Telling the story of family from the steps of origination
David Reavis grew up in Vance County. That of itself is not unusual — the Reavis family has been doing that for more than two centuries.
It began when Samuel Reavis and his family moved to the area in about 1787.
One son, Samuel Jones Reavis, built a house on Indian Creek, now known as Satterwhite Point Road.
The “Old Reavis House” still stands and was occupied continuously by a member of the Reavis family until James Reavis died in 2009.
His son, David Reavis, has written a book that chronicles some of the family history. The book, “Upon These Stones,” got its name from the stone steps leading up to the front door of the Old Reavis House.

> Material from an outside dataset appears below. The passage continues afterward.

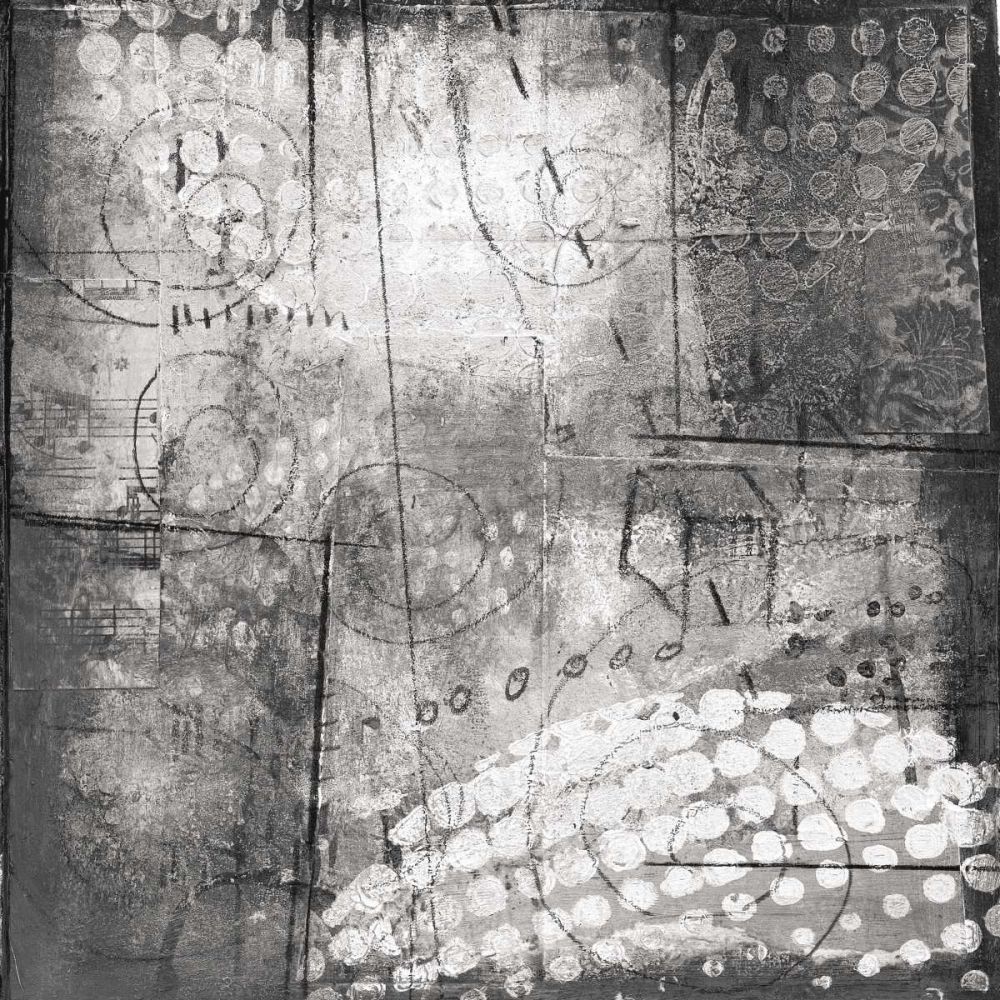Under the Tree Square III BW art print by Cheryl Warrick for $57.95 CAD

In 1860 the house was occupied by Lewis Pleasant Reavis and Mary Coghill Reavis, along with six of their eight children. Two sons, Samuel Wesley Reavis and Thomas Coghill Reavis, joined the North Carolina 23rd Regiment and went off to war.
“Thomas was my great-granddaddy,” the author said. A son-in-law, Alexander Wortham who is married to daughter Lucy, also goes off to war.

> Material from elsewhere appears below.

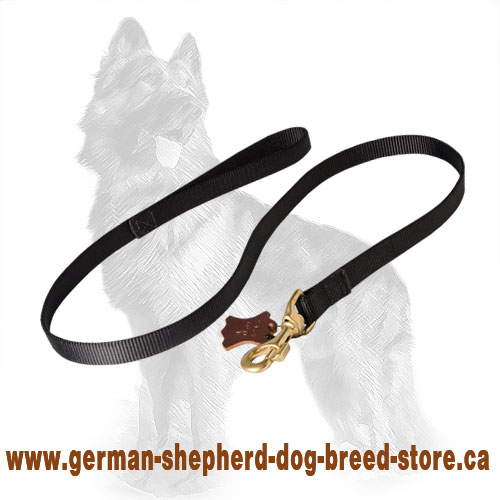 Police Tracking Dog Leash Made Of Nylon With Handle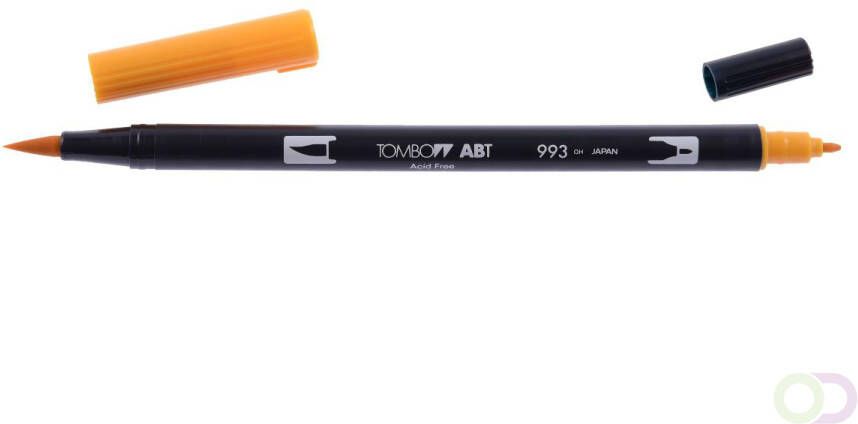 Tombow ABT Dual Brush Pen Chrome orange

Reavis tells the story of the war’s battles through the three soldiers.
“The best chapter is about the Battle of Gettysburg,” he said. “The 23rd Regiment was in the very first day of the battle. It almost got wiped out. For this chapter, I have letters that Jonathan Fuller Coghill of Kittrell wrote that give an eyewitness account of the battle.”
Another part of the family story is far from the battlefields.

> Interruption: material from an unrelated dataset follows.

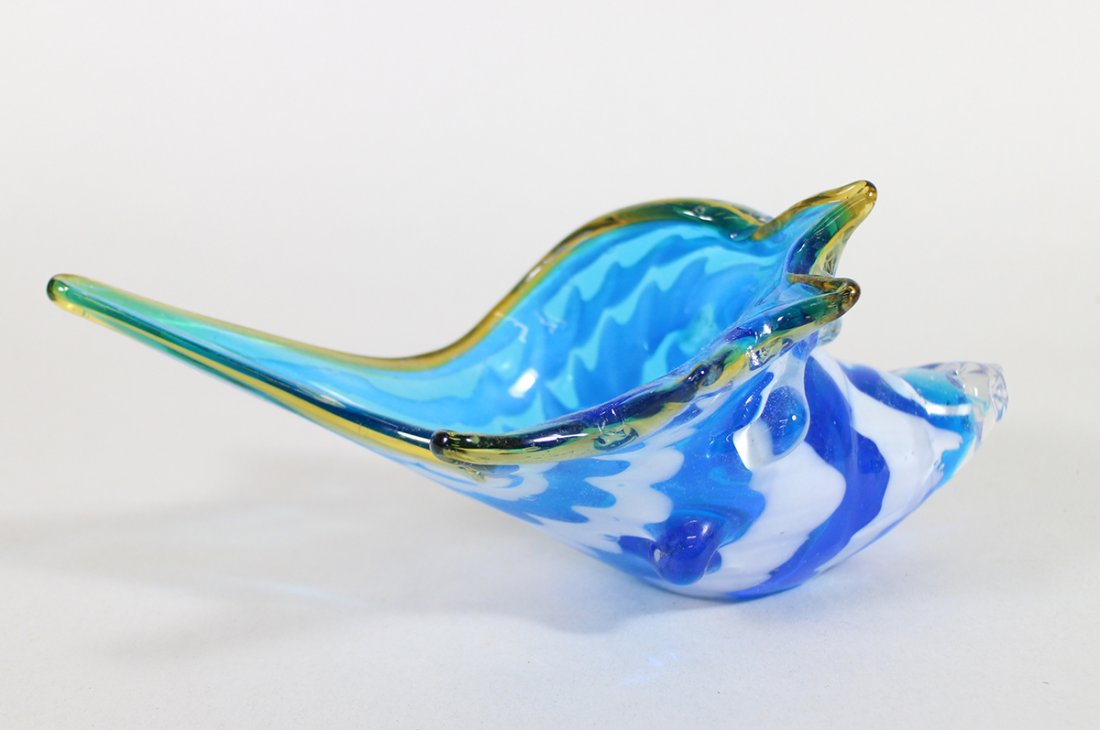 MURANO CONCH SHELL (1 of 2)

“On the home front, I focus on family members that stayed at home and what they had to endure,” Reavis said.
It was a time of economic depression, for the family as well as the state. At one point when the family was in great need, Lewis Reavis was able to sell 624 pounds of bacon to a Confederate cavalry regiment quartered at nearby Ridgeway for $1 a pound. Nevertheless, the 1870 census showed that the family’s net worth had dropped from $19,800 in 1860 to $1,000 in the decade encompassing the war and its aftermath.
Although the war carries the brothers far afield, “everything originates on the steps,” Reavis said. “They go off to war from the steps. They return to the steps.” Lewis Reavis had 17 slaves. “He freed the slaves on the steps. Slaves were the ones who built the steps.”
Reavis said, “Ninety percent of the book is true. The dates are true. The characters are true. But I wasn’t there and I had to imagine what the conversations were. Some of the words of the characters were handed down. I heard them from my mother.”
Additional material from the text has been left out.